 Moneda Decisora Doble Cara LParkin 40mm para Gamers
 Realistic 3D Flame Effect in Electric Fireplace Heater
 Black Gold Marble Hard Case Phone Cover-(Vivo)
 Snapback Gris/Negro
-------------------------
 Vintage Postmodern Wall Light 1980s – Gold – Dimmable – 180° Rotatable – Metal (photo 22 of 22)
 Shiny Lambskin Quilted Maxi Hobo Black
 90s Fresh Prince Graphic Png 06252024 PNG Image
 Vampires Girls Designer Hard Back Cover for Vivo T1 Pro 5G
-------------------------
__THE TASK__: Among the records above, repeat exactly the line with "Vintage Postmodern Wall", the line with "Vampires Girls Designer", and every line in between, and only those.

__SOLUTION FOR THIS EXERCISE__:
 Vintage Postmodern Wall Light 1980s – Gold – Dimmable – 180° Rotatable – Metal (photo 22 of 22)
 Shiny Lambskin Quilted Maxi Hobo Black
 90s Fresh Prince Graphic Png 06252024 PNG Image
 Vampires Girls Designer Hard Back Cover for Vivo T1 Pro 5G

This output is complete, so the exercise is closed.